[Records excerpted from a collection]

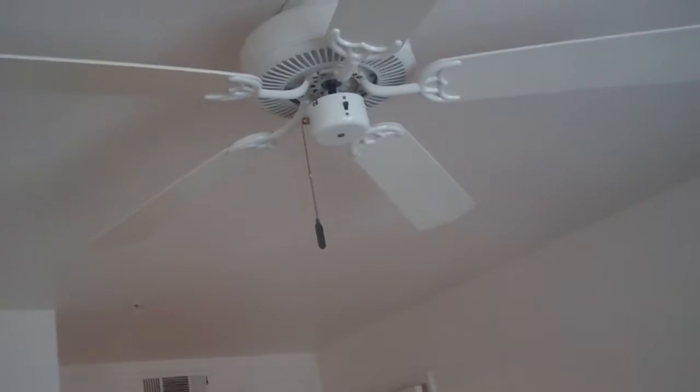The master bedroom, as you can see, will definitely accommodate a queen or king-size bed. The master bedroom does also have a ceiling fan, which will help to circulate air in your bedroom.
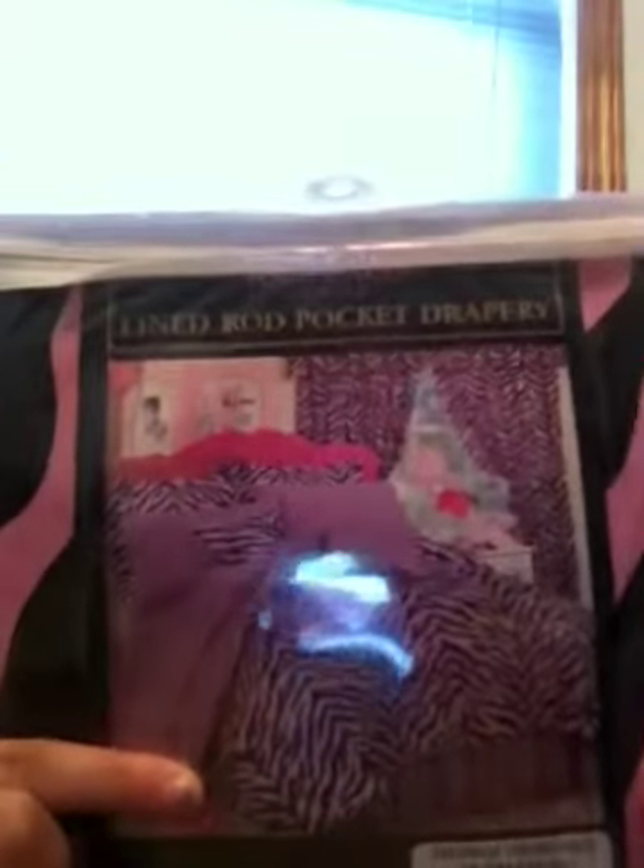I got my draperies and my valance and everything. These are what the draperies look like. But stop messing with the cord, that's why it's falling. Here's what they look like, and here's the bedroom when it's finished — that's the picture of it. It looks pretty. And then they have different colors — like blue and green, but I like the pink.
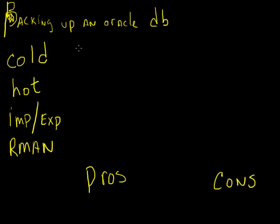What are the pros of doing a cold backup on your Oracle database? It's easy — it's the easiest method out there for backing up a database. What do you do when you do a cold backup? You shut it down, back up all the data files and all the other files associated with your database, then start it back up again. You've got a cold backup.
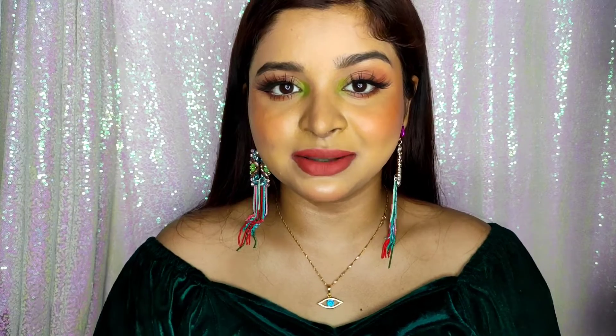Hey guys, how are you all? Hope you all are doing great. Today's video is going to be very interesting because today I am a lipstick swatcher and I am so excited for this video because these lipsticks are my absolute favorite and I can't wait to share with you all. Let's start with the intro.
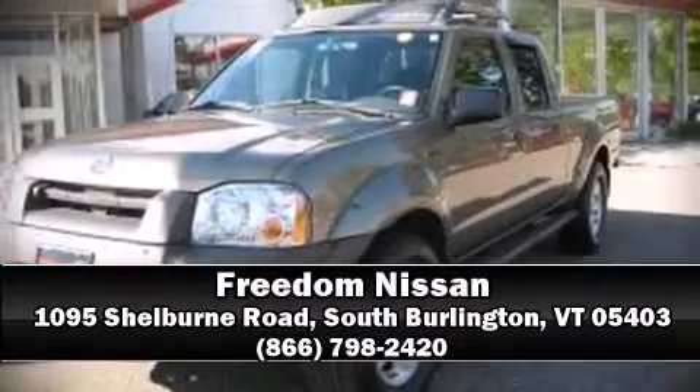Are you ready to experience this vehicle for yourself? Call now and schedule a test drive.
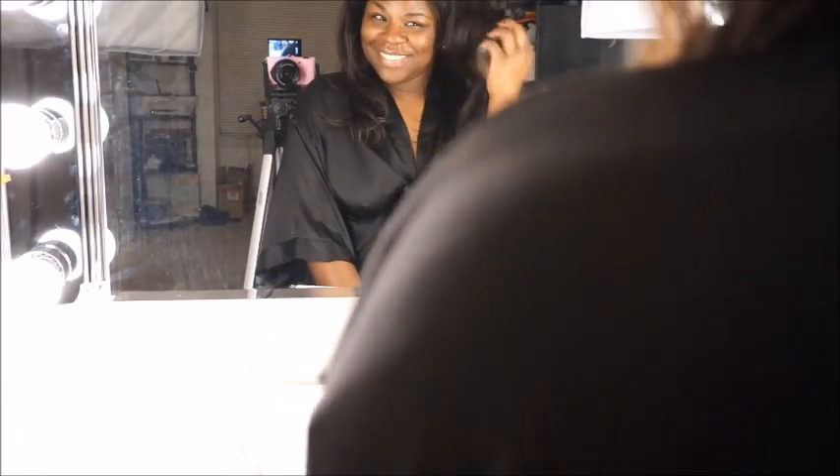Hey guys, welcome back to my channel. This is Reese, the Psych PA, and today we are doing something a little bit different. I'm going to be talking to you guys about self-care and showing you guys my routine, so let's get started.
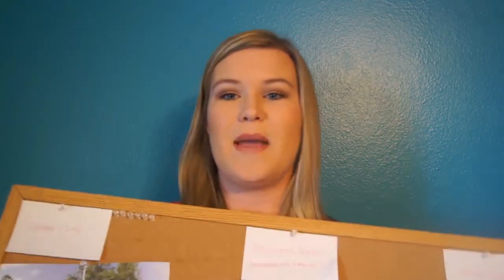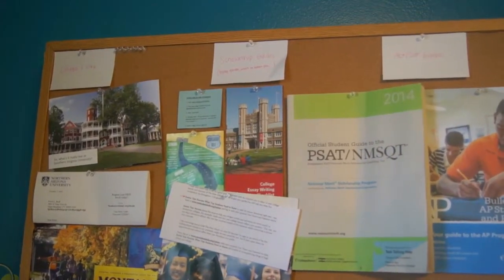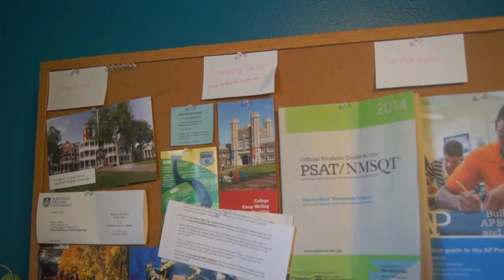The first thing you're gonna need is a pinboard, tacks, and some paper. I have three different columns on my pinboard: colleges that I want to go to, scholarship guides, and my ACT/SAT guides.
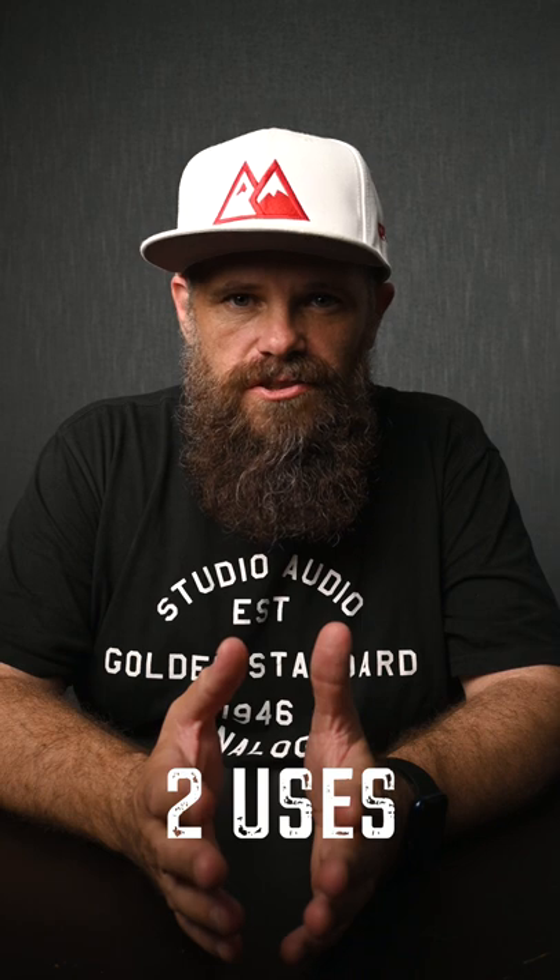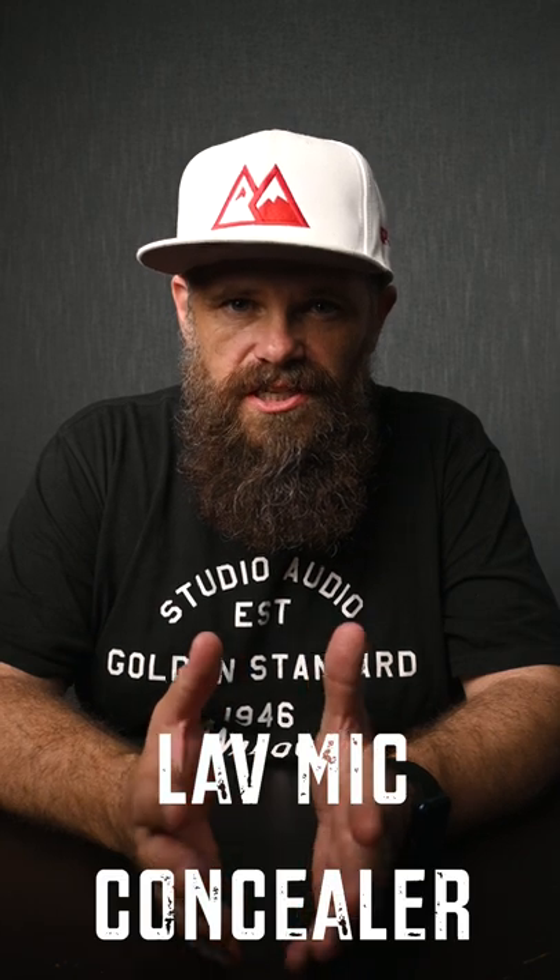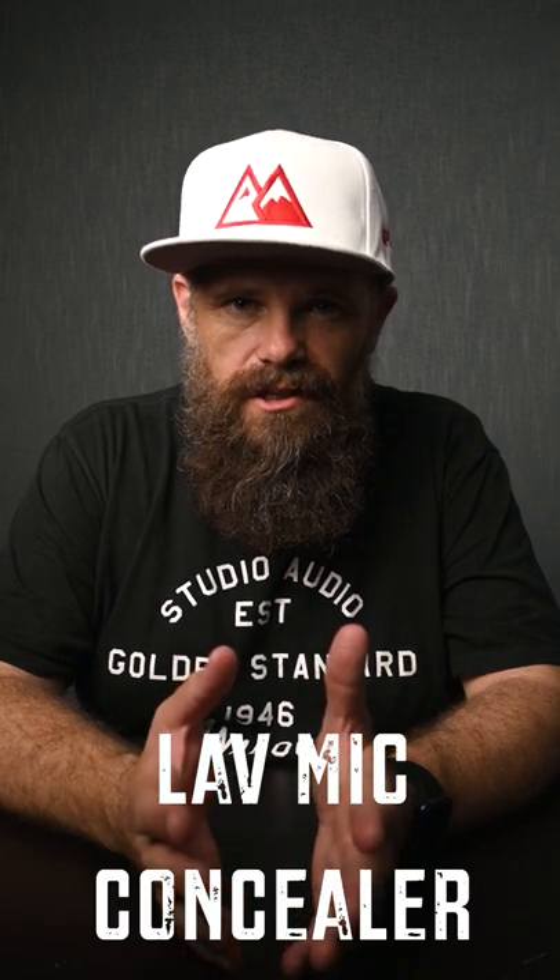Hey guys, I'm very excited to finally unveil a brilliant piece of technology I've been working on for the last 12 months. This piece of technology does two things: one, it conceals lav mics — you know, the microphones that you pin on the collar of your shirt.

Aim of the exercise
An exact copy of all the entries is required, and it must contain no pictures.

Exercise result
The master bedroom, as you can see, will definitely accommodate a queen or king-size bed. The master bedroom does also have a ceiling fan, which will help to circulate air in your bedroom.
I got my draperies and my valance and everything. These are what the draperies look like. But stop messing with the cord, that's why it's falling. Here's what they look like, and here's the bedroom when it's finished — that's the picture of it. It looks pretty. And then they have different colors — like blue and green, but I like the pink.
What are the pros of doing a cold backup on your Oracle database? It's easy — it's the easiest method out there for backing up a database. What do you do when you do a cold backup? You shut it down, back up all the data files and all the other files associated with your database, then start it back up again. You've got a cold backup.
Hey guys, how are you all? Hope you all are doing great. Today's video is going to be very interesting because today I am a lipstick swatcher and I am so excited for this video because these lipsticks are my absolute favorite and I can't wait to share with you all. Let's start with the intro.
Are you ready to experience this vehicle for yourself? Call now and schedule a test drive.
Hey guys, welcome back to my channel. This is Reese, the Psych PA, and today we are doing something a little bit different. I'm going to be talking to you guys about self-care and showing you guys my routine, so let's get started.
The first thing you're gonna need is a pinboard, tacks, and some paper. I have three different columns on my pinboard: colleges that I want to go to, scholarship guides, and my ACT/SAT guides.
Hey guys, I'm very excited to finally unveil a brilliant piece of technology I've been working on for the last 12 months. This piece of technology does two things: one, it conceals lav mics — you know, the microphones that you pin on the collar of your shirt.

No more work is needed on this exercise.